Let y = 2/x 2 and dy =?
Solution: dy = 2 [x (-2)]' dx =-4x (-1) dx =-(4/x) dx.
2. Explain that the following functions are at the specified point.
Is it continuous? If not continuous, yes
Can you make it up?
( 1)f(x)=(x2-x-2)/(x-2); At point x=2
Solution: f (x) = (x 2-x-2)/(x-2) = (x-2) (x+1)/(x-2) = x+1.
So x=2 is its discontinuity.
2) Is f (x) = (1+xsinx)/x continuous at x=0?

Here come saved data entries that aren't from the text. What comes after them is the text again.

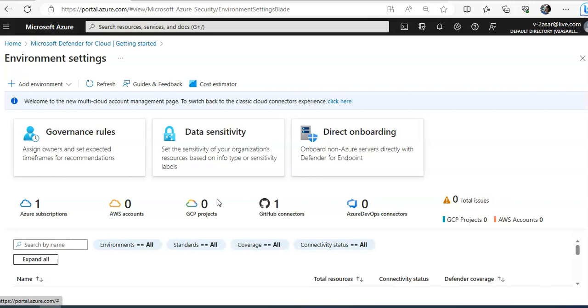So for creation of the IAM role for Defender for Cloud, you have to go to security identity and compliance in the IAM, follow the on-screen instructions to create the IAM role. Make sure that you are assigning security audit, Amazon SSM automation role, and the AWS Security Hub read-only access. All the policy permissions will be available on Microsoft documentation so that you can correctly create the IAM role.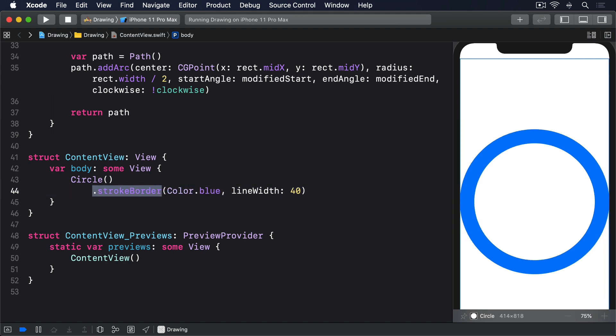That changes stroke to stroke border, and now we get a better result. All our border is visible, because Swift strokes the inside of the circle rather than centering on the line.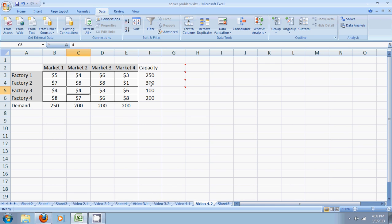Each of the factories has a certain maximum capacity to supply. Each of the four markets has a certain maximum demand. So market one needs exactly 250 units. Market four needs exactly 200 units and so on.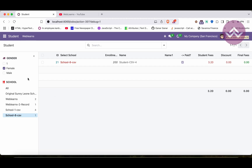So like this way you can apply filters on the left side of the list view. I hope you understood this topic. If you still have any questions related to this topic, please comment below, and see you in our next session.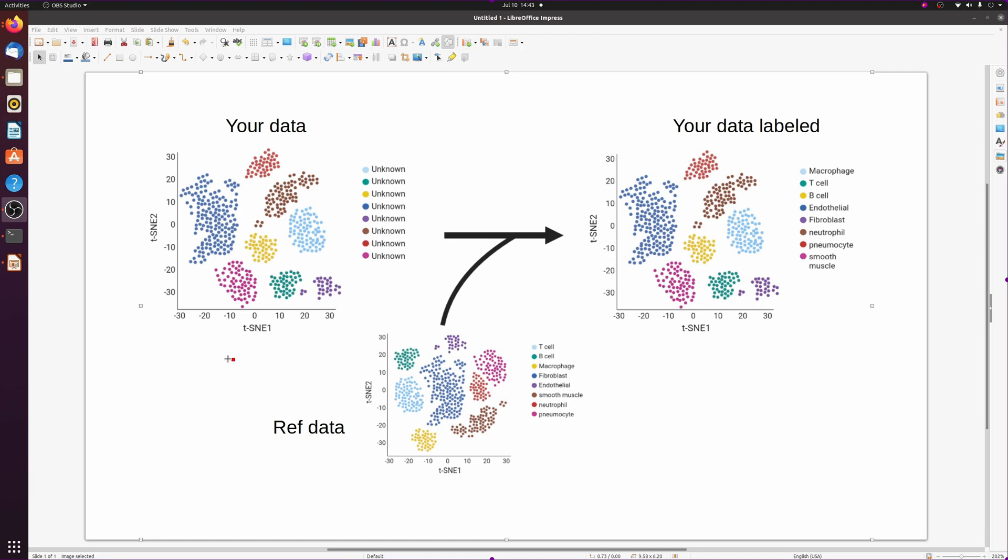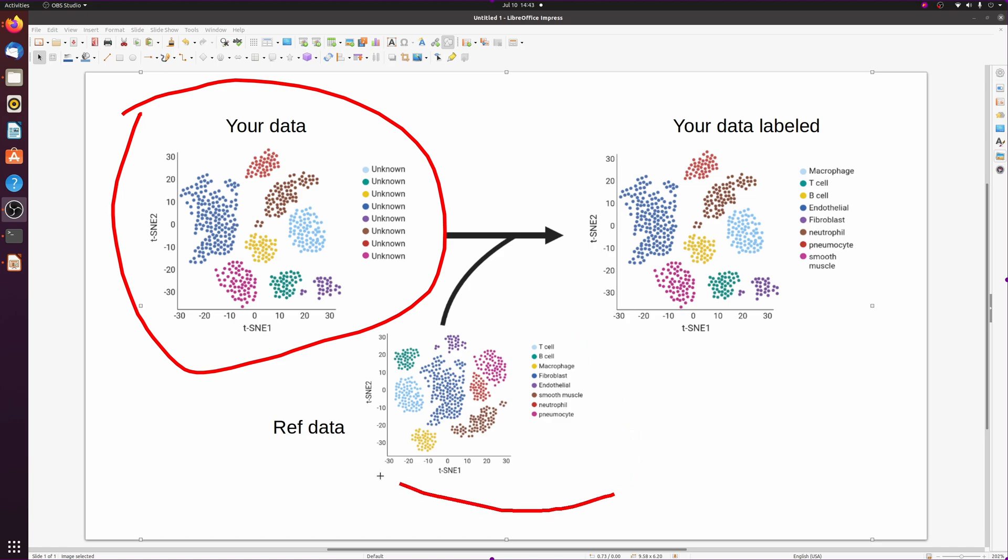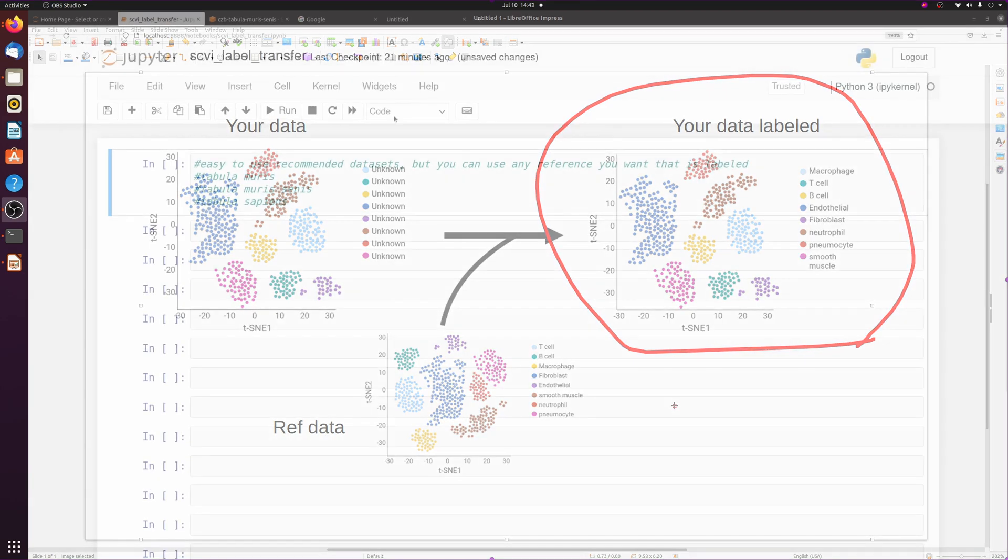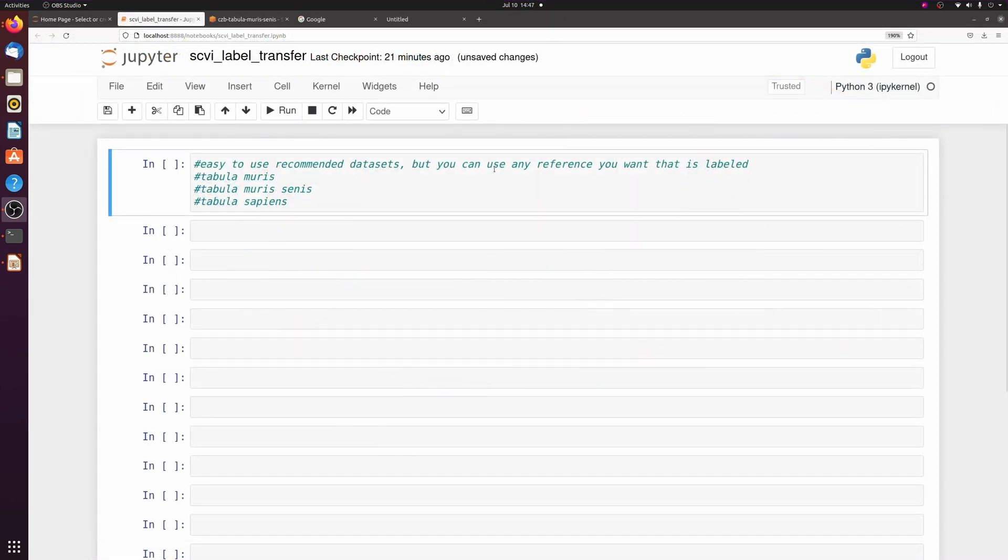Alright, so what we're going to be doing is pretty straightforward. We're going to take your dataset, which is unlabeled, and we're going to transfer the labels from a publicly available dataset to label your data. This is an easy automated way to label the cell types of your single cell data.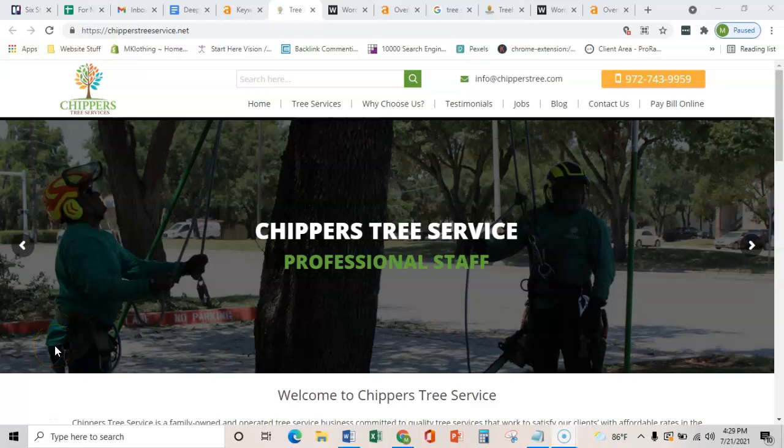Hey Ramiro, it's Max. I was just on the phone with Megan and she said this would be the best email to send this to.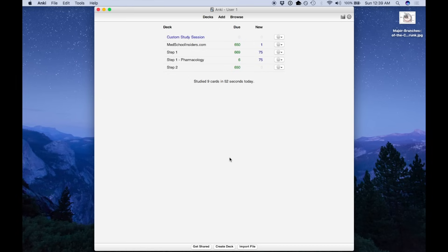What's going on guys? In this video, we're going to go over how to use Anki effectively and efficiently.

Solution: Because f(0) is undefined, x→ 0lim (1+xsinx)/x.
=x→0lim[( 1/x)+sinx]=∞
∴x=0 is an infinite discontinuity of this function, and it is also an unrepairable discontinuity.
set up
y=x^(2/3)
Ask dy=
Solution: dy = (2/3) x (- 1/3) dx.
Let y = 2x 3+3x;; Find y''=?
Solution: y ′ = 6x2+3
y "= 12x
Y = ex (e-x), find y'=?
Solution: Take the logarithm of both sides and get:
lny= 1+(e-x)lnx
Take the derivative on both sides and you will get:
y '/
y=-lnx+(e-x)/x
∴y′=y[(-lnx)+(e-x)/x]=[ex^(e-x)][(-lnx)+(e-x)/x]
3. Explain whether the following piecewise functions are continuous? If it is not continuous, can it be supplemented?
( 1)f(x)= sin2x/x; (when x
f(x)= 2; (when x=0)
f(x)=(X2+2x)/x
(when x>0)
Solution: Because x→0-limf(x)=x→0-lim(sin2x/x).
=
x→0-lim(2x/x)=2
x→0+limf(x)= 1
x→0+lim(x^2+2x)/x
=
x→0+lim(x+2)=2
∴x→0limf(x)=f(0)=2
So the function is continuous at x=0.
y=ln( 1+x2)
, find y'=?
Solution: y ′ = 2x/(1+x 2)
Y = e (2x), find y''=?
Solution: y ′ = 2e (2x)
y″=4e^(2x).
Point out the discontinuity of the following functions and explain whether they can be supplemented.
f(x)=sin3x/x
Solution: ∫x→0 limb(x)= 1
x→0 LIMS in 3 x/x = x→0 LIMS in 3 x/x = 3
∴x=3
Is the complementary discontinuity of this function.
f(x)=2x- 1
(When x≤ 1
f(x)=(X2
–1)/(x-1) (when x >; 1)
Solution: when x> is at 1, f (x) = (x 2-1)/(x-1) = x+1.
So x→ 1+limf(x)= 1
x→ 1+lim(x+ 1)=2
And f (1) = 2-1=1,x→ 1-LIMF(x)= 1
x→ 1-lim(2x- 1)= 1
So x→ 1 limb(x) does not exist, that is, x= 1 is an irreducible discontinuity of this function.